10. kadencja, 18. posiedzenie, 2. dzień (26-09-2024)

Oświadczenia.

Poseł Barbara Bartuś (tekst niewygłoszony):

    Oświadczenie poselskie w sprawie 104. rocznicy bitwy niemeńskiej

    Szanowny Panie Marszałku! Wysoka Izbo! Szanowni Państwo! W dniu dzisiejszym przypada 104. rocznica jednej z najważniejszych bitew w naszej historii - wiktorii Wojska Polskiego nad Niemnem, która pozwoliła obronić w 1920 r. dopiero co odzyskaną niepodległość.

    Wojna polsko-bolszewicka 1920 r. była najcięższą próbą, jaka spadła na dopiero co odrodzone państwo polskie. Wojna ta była starciem dwóch odmiennych cywilizacji - świata zachodniego, zbudowanego na fundamentach chrześcijańskich, z krwawym totalitaryzmem, którego cechą był odgórnie narzucony ateizm. Polacy pragnęli wolnej, niepodległej ojczyzny. Bolszewicy zmierzali do wzniecenia światowej rewolucji komunistycznej, jak to określali, po trupie pańskiej Polski.

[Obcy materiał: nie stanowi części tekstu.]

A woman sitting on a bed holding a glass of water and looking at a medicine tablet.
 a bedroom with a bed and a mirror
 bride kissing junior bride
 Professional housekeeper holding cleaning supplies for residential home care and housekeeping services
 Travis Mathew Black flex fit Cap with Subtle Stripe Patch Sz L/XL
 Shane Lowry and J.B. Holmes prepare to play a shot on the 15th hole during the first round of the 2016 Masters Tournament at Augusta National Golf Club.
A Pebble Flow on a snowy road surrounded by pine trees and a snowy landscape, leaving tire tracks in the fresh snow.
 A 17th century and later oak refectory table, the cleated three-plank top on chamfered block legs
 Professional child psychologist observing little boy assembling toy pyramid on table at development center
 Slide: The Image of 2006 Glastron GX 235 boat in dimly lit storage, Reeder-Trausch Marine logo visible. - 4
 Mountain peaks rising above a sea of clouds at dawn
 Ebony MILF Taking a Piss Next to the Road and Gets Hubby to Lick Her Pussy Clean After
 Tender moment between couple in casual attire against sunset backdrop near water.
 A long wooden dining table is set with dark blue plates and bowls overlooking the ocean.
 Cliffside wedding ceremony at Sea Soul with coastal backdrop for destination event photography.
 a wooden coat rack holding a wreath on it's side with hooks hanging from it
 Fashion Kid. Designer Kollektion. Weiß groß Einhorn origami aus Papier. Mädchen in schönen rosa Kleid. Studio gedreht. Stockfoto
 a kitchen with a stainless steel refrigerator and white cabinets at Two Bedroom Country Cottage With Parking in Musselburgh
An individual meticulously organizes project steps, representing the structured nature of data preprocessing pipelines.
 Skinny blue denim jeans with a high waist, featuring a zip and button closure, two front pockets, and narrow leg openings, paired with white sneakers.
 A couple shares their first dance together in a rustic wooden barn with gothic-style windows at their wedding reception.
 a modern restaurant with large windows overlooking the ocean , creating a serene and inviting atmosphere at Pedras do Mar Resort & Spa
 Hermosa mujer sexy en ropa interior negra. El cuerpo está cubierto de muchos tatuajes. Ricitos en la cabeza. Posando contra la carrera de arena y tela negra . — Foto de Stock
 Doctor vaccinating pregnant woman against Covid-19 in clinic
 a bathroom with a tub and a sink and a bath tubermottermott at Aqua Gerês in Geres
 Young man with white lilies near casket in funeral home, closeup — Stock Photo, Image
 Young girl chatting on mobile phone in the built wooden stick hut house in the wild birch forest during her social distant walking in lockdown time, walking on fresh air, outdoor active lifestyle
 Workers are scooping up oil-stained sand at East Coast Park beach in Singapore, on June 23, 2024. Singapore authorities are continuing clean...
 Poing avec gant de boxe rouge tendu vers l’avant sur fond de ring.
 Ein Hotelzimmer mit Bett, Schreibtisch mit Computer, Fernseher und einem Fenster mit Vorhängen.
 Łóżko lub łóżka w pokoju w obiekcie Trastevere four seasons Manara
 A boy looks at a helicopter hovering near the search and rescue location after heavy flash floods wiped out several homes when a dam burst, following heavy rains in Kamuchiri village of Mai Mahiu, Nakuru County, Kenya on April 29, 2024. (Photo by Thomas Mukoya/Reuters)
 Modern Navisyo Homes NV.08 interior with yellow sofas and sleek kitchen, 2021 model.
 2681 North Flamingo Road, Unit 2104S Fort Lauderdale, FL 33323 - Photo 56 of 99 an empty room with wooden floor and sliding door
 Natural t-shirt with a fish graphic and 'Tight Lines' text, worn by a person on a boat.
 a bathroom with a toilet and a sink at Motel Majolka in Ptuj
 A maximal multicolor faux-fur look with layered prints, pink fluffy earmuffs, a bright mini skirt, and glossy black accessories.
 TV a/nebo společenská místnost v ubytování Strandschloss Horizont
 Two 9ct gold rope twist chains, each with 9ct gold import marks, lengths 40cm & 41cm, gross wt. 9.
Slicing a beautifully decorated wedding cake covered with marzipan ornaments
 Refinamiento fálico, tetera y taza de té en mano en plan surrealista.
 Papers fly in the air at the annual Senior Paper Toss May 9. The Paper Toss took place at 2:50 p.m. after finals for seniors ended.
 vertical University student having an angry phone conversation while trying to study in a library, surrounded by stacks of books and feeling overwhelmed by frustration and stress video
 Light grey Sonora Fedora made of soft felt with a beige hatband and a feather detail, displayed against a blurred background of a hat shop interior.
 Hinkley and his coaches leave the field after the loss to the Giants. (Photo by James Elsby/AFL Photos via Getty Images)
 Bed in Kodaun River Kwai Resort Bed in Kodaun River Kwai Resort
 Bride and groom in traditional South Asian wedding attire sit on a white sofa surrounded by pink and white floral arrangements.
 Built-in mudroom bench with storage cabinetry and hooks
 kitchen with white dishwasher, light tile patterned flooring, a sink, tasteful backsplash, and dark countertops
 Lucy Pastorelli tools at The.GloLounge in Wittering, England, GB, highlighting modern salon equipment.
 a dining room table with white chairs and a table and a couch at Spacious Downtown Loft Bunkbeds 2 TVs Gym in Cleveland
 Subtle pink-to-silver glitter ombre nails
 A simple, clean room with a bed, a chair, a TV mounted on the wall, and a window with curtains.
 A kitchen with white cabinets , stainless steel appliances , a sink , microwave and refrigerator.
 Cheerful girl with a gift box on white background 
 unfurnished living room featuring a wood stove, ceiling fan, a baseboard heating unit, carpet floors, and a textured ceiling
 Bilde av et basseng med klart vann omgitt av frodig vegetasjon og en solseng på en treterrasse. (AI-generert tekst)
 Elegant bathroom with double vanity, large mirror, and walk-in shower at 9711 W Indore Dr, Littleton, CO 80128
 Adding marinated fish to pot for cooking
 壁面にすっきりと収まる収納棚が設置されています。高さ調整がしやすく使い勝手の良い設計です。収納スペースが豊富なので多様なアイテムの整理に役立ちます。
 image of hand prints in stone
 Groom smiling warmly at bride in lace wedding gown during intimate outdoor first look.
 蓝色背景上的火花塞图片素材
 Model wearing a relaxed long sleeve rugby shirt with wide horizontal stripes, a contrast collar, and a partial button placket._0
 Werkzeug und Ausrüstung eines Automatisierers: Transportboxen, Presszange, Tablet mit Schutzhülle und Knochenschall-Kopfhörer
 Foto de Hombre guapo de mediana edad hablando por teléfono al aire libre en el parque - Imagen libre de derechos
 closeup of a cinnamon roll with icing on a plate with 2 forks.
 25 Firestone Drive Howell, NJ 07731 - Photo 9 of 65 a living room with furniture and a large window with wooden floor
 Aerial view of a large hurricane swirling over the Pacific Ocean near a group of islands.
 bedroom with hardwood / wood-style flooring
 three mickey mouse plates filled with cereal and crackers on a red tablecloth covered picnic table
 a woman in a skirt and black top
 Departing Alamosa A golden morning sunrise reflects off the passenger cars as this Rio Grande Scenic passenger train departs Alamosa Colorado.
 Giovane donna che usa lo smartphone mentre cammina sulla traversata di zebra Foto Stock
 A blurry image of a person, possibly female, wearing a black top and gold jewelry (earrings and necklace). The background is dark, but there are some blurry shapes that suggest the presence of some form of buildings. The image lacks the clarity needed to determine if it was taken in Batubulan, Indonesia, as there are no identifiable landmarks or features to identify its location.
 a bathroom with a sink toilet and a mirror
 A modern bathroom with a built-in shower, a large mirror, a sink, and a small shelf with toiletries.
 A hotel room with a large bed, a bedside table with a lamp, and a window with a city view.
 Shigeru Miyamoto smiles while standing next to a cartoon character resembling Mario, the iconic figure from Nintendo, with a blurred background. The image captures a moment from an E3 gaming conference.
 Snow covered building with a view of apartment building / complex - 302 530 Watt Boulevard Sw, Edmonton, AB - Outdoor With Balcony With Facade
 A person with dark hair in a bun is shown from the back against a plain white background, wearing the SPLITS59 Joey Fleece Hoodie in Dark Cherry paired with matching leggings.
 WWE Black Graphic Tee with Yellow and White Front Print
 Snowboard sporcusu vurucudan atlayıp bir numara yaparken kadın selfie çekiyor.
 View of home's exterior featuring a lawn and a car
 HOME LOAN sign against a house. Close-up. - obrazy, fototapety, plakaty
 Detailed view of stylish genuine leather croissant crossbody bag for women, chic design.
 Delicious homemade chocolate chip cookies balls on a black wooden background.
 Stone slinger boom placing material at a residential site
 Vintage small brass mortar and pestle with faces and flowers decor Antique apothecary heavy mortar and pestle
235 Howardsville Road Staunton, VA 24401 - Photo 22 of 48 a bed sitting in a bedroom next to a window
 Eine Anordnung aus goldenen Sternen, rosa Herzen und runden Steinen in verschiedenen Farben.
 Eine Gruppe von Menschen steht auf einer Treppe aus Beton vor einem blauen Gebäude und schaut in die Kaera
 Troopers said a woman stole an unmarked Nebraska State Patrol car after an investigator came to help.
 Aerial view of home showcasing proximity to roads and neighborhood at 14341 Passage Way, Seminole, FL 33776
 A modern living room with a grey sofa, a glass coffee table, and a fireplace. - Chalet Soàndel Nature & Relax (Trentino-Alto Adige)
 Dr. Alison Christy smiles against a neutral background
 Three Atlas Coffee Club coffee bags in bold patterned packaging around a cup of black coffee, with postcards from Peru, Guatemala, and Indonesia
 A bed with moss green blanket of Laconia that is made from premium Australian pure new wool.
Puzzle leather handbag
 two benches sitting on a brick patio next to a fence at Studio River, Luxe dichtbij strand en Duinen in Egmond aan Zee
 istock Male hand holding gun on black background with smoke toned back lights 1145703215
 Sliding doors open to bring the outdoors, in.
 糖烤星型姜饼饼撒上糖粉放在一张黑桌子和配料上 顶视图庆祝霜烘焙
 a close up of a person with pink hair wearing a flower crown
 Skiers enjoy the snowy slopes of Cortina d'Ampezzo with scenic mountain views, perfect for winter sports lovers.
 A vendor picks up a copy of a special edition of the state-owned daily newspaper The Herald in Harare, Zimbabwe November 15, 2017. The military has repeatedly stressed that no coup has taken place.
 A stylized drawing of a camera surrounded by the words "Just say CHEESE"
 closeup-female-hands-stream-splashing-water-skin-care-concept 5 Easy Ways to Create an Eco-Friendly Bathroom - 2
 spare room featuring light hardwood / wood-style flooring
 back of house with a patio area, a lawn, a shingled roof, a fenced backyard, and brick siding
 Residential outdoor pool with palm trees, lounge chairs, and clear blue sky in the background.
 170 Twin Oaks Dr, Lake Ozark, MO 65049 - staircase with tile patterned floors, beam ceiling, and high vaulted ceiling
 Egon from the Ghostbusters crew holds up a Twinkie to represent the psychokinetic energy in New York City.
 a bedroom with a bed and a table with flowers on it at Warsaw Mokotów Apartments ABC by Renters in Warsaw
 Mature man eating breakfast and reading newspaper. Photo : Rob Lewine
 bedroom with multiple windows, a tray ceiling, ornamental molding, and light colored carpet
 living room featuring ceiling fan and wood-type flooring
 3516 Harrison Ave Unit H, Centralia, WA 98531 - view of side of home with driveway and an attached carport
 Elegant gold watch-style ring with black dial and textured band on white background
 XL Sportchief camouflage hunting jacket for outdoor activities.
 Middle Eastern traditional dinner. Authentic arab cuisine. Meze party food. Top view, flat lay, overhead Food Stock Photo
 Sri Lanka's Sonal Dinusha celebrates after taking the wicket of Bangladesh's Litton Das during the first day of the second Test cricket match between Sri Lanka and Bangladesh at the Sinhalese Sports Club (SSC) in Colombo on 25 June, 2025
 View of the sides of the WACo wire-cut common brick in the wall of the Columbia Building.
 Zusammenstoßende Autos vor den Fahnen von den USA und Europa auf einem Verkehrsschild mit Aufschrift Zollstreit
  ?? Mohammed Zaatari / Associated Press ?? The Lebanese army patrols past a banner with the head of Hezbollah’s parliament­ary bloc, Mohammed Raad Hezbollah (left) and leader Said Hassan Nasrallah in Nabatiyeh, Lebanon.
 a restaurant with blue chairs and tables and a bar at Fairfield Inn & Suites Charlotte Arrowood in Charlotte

    Z tego konfliktu w polskiej pamięci historycznej utrwaliła się przede wszystkim zwycięska Bitwa Warszawska nazywana Cudem nad Wisłą, ale historycy zgadzają się, że decydująca dla przebiegu tej wojny była nieco zapomniana i mniej eksponowana bitwa nad Niemnem. Zwycięstwo z 15 sierpnia 1920 r., mimo że zadawało strategiczny cios Armii Czerwonej i odsuwało niebezpieczeństwo zdobycia przez wojska bolszewickie naszej stolicy, to nie rozstrzygało losów wojny. Po klęsce pod Warszawą dowódca bolszewickiego Frontu Zachodniego Michaił Tuchaczewski wycofał swoje wojska na linię rzek Niemna, Szczary i Świsłoczy i w ciągu 3 tygodni odbudował swoje armie oraz rozpoczął przygotowania do kolejnej ofensywy. Planował uderzyć na Białystok, Brześć nad Bugiem, a potem zająć Lublin. Był przekonany o swoim zwycięstwie.

    Bitwa niemeńska przekreśliła jednak haniebne plany bolszewików zawładnięcia Polską i zaskoczyła elity ówczesnej Europy, które stawiały raczej na krótki byt nowo odrodzonego państwa polskiego. Wojska Piłsudskiego w ramach operacji niemeńskiej, trwającej od 20 do 26 września 1920 r., zadały czerwonej hydrze ostateczny, decydujący i nokautujący cios, co przypieczętowało nasze zwycięstwo w bitwie polsko-bolszewickiej. Po bitwie Lenin, Trocki i Kamieniew ostatecznie zrezygnowali z podboju Polski i eksportu czerwonej rewolucji na zachód.

    To niebywale istotne zwycięstwo było możliwe dzięki zjednoczeniu i działaniu całego narodu. Ówcześni politycy, pomimo dzielących ich poglądów, potrafili odłożyć wzajemne waśnie na bok i skupić się na najważniejszym zadaniu, jakim była walka o niepodległą ojczyznę. Zarówno zwolennicy Dmowskiego, Piłsudskiego, Witosa, jak i nawet socjaliści potrafili odłożyć na bok wojnę polsko-polską i skupić się na wojnie polsko-bolszewickiej. Dzięki tej jedności osiągnęliśmy tak wspaniały sukces.

    I kończąc to moje oświadczenie, chcę zadać pytanie, niestety tylko retoryczne: Czy obecnie rządzący potrafią postawić interes naszej ojczyzny ponad interes partyjny?